━━━━━ DATASET RECORDS ━━━━━
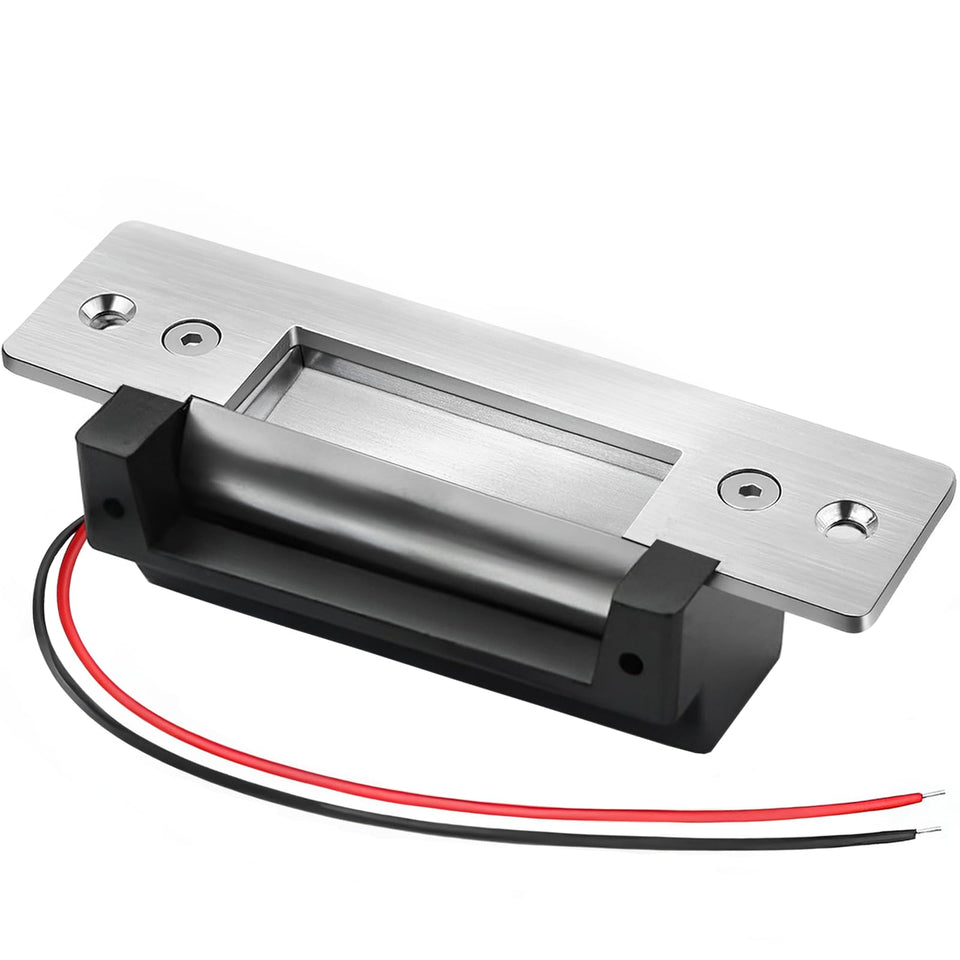 YJMKoi electric door strike lock exterior view shows durable alloy construction for reliable access control.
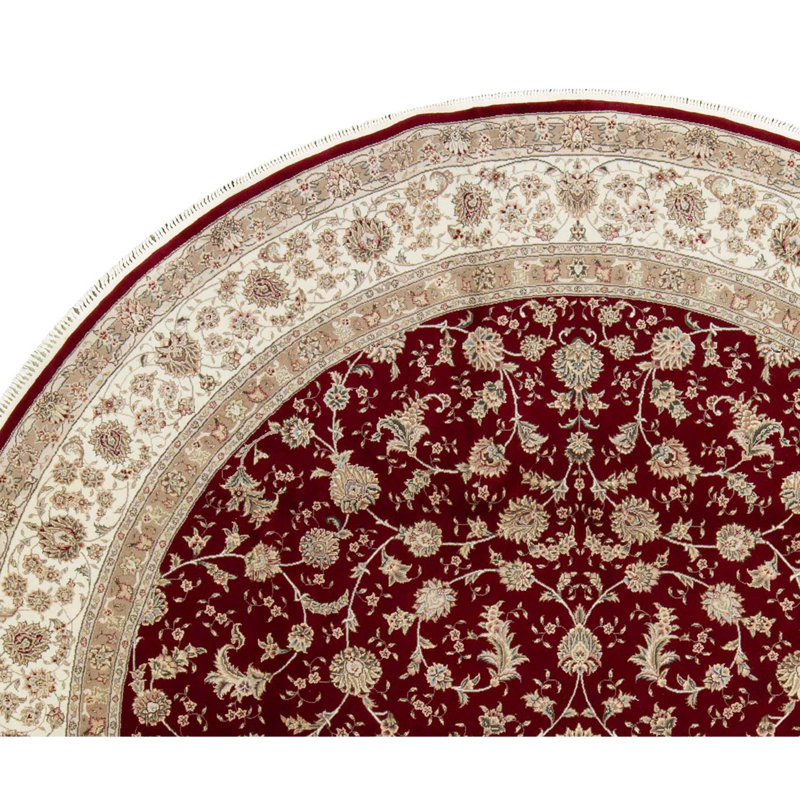 Tapis ivoire et vin de haute qualité noué à la main
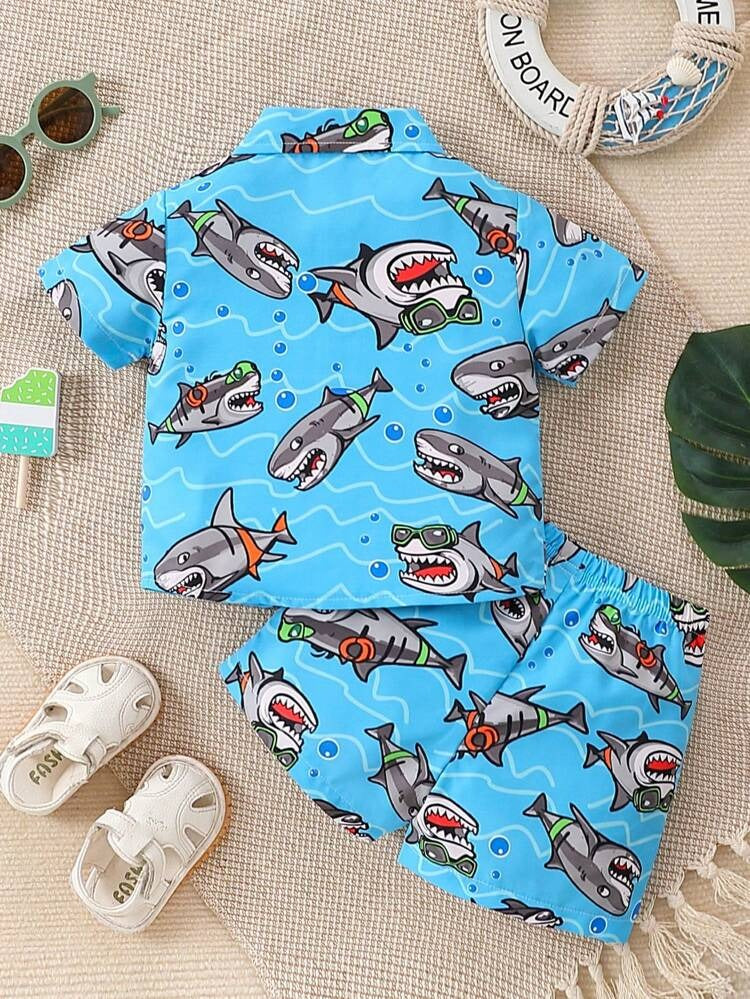 Baby Boys' Shark Print Summer Shirt & Shorts Set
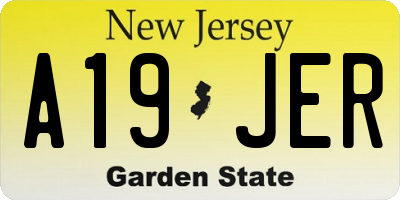 NJ license plate A19JER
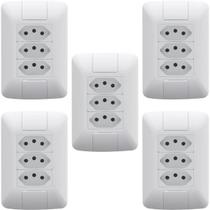 Kit 5 Conjunto 3 Tomadas 20a 250v 4x2 Aria Tramontina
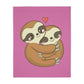 Sloth Love Velveteen Minky Blanket (Two-sided print)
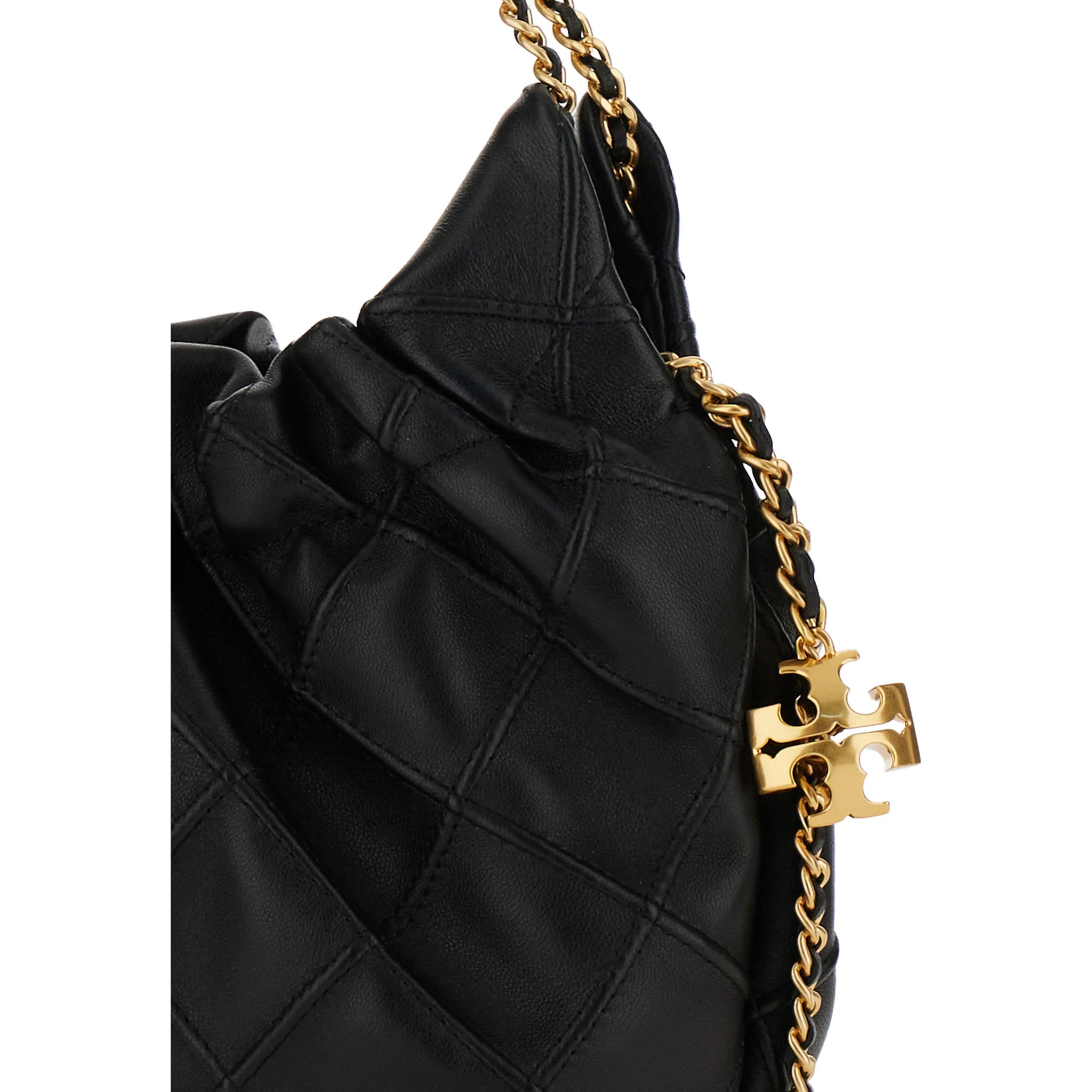 Fleming Black Shoulder Bag with Chain-Link Shoulder Strap and Double T Motif in Grained Leather Woman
━━━━━
## WORK ORDER
The data above holds the lines to copy: start at the one with "Tapis ivoire et", stop at the one with "Sloth Love Velveteen", include both, copy them exactly without pictures, and copy nothing else.

## TASK RESPONSE
 Tapis ivoire et vin de haute qualité noué à la main
 Baby Boys' Shark Print Summer Shirt & Shorts Set
 NJ license plate A19JER
 Kit 5 Conjunto 3 Tomadas 20a 250v 4x2 Aria Tramontina
 Sloth Love Velveteen Minky Blanket (Two-sided print)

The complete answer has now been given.